— Problem to work on —
Once the line containing "Hello everybody and" is reached in the listing below, reproduce it and all later lines through the final one exactly, but omit any pictures.

— Provided material —
= Beginning of Section =

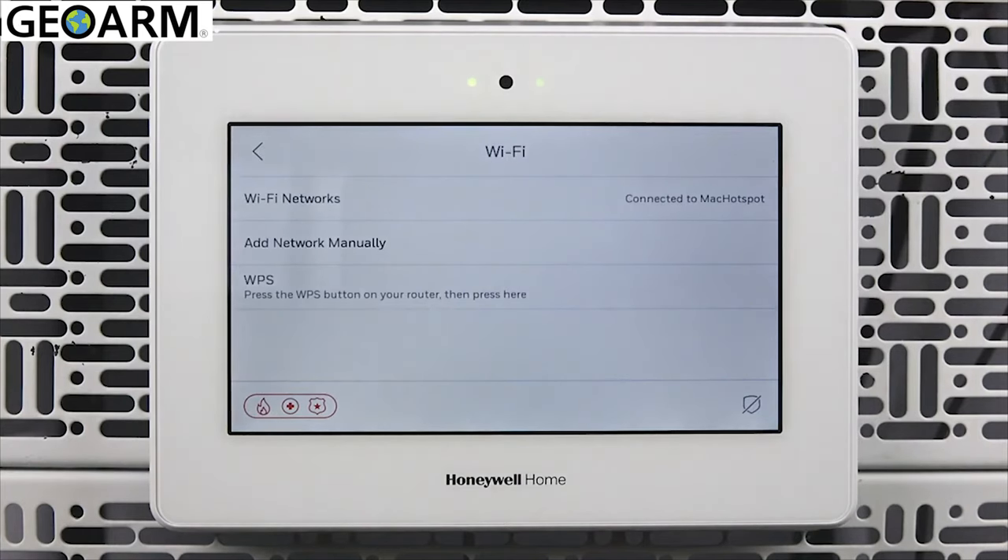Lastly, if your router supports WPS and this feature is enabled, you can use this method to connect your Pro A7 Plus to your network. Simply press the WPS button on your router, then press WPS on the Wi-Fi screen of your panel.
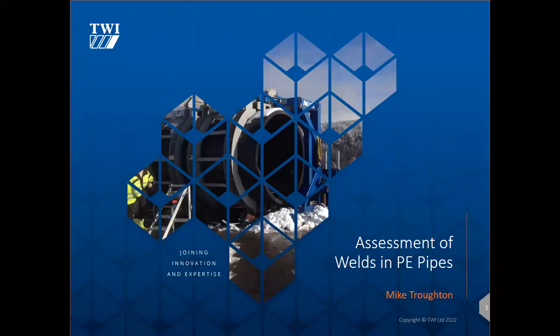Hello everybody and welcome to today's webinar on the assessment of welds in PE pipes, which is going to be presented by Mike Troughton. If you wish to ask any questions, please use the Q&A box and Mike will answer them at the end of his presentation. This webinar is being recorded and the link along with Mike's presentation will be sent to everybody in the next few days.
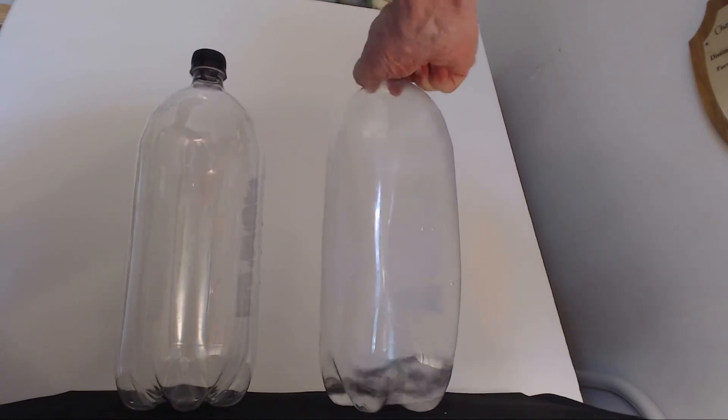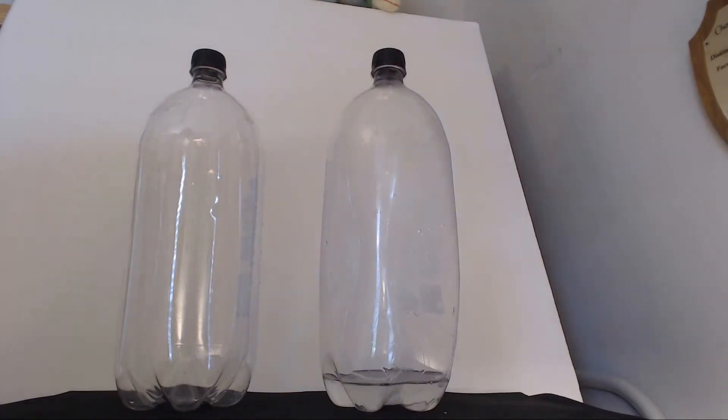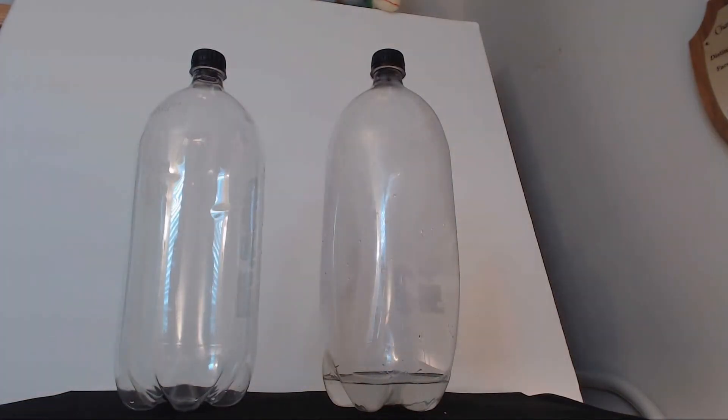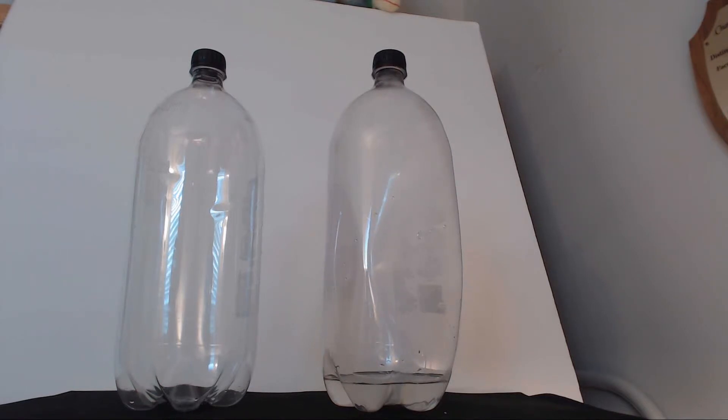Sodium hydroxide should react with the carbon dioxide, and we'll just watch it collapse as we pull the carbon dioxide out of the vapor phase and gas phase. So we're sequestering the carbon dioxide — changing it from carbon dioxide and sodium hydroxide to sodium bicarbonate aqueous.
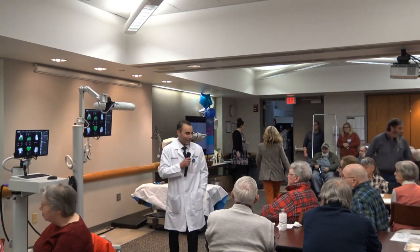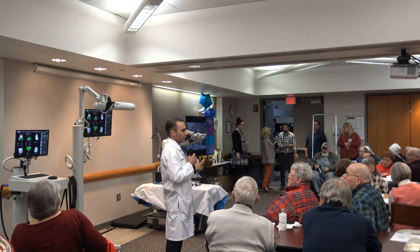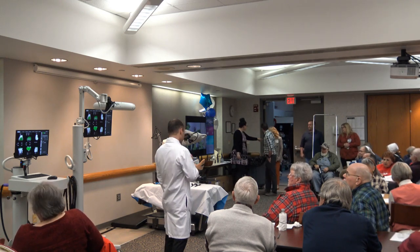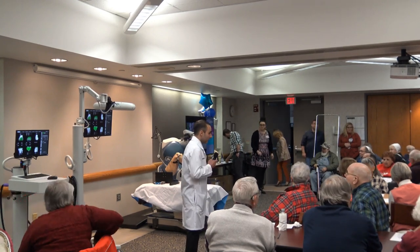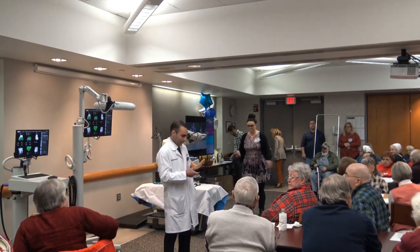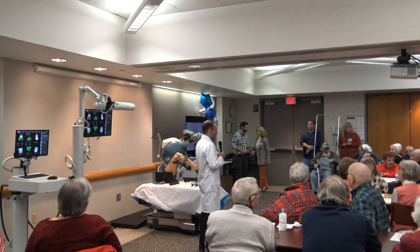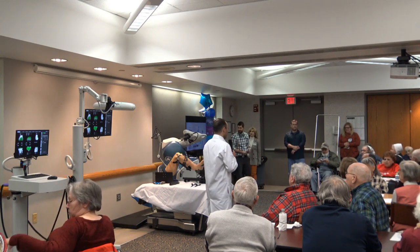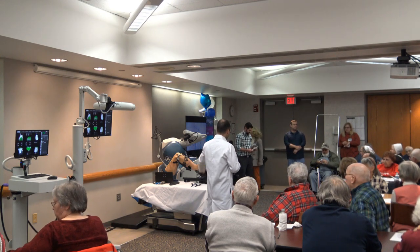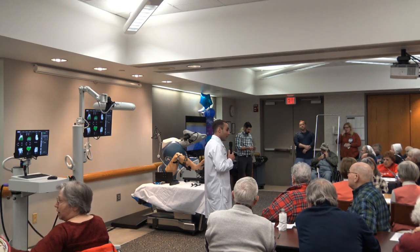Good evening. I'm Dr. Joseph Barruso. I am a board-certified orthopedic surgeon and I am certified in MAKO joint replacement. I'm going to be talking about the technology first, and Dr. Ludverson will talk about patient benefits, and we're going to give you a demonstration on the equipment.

= End of Section =

— Result below —
Hello everybody and welcome to today's webinar on the assessment of welds in PE pipes, which is going to be presented by Mike Troughton. If you wish to ask any questions, please use the Q&A box and Mike will answer them at the end of his presentation. This webinar is being recorded and the link along with Mike's presentation will be sent to everybody in the next few days.
Sodium hydroxide should react with the carbon dioxide, and we'll just watch it collapse as we pull the carbon dioxide out of the vapor phase and gas phase. So we're sequestering the carbon dioxide — changing it from carbon dioxide and sodium hydroxide to sodium bicarbonate aqueous.
Good evening. I'm Dr. Joseph Barruso. I am a board-certified orthopedic surgeon and I am certified in MAKO joint replacement. I'm going to be talking about the technology first, and Dr. Ludverson will talk about patient benefits, and we're going to give you a demonstration on the equipment.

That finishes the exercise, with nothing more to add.